----- Provided entries

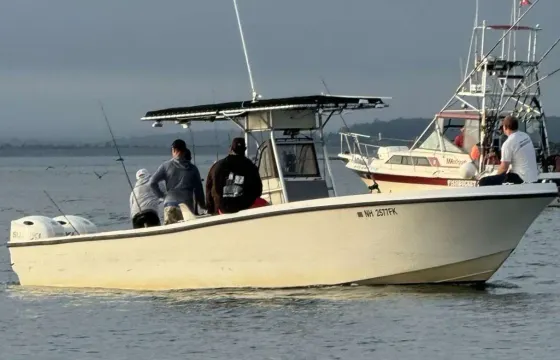 Fast and Fun Fishing or Cruising Boat | 27' Mako Center Console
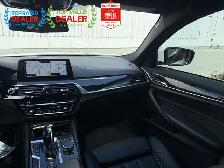 2018 BMW 5 Series //M PKG | AMBIENT LIGHTING | PANO | LOADED - Photo 20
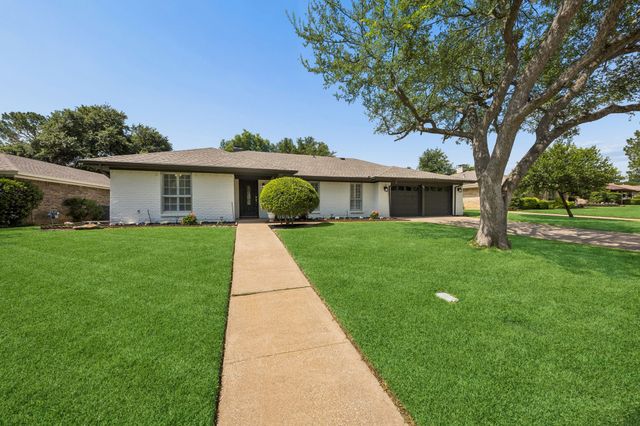 904 Shelley Drive, Arlington, TX 76012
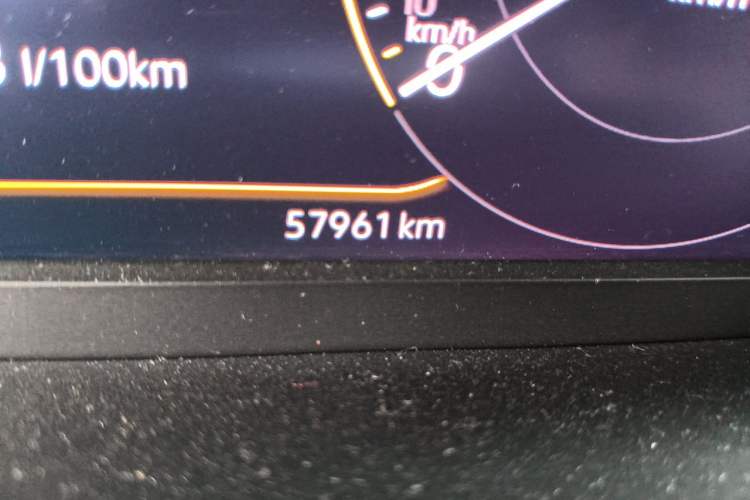 Used Volkswagen Passat 2022 330TSI Starry Elite Edition Odometer Close Up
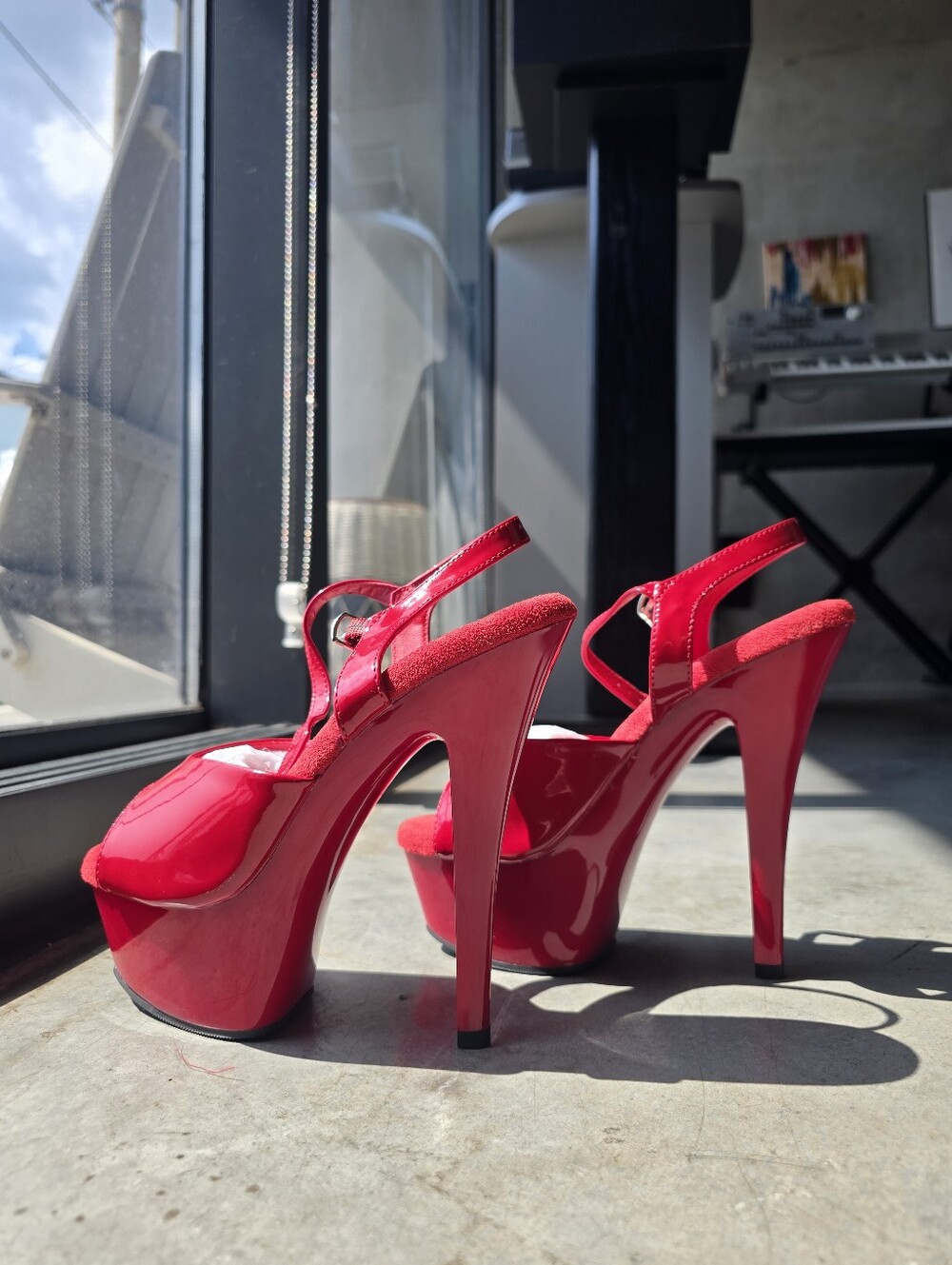 Kiss 209 Pleasers  6 Inches Red Size 7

----------

Task brief:
Word for word, output the lines from the line bearing "904 Shelley Drive, Arlington, TX 76012" through the end of the records above, and only those, without the pictures.

Task result:
 904 Shelley Drive, Arlington, TX 76012
 Used Volkswagen Passat 2022 330TSI Starry Elite Edition Odometer Close Up
 Kiss 209 Pleasers  6 Inches Red Size 7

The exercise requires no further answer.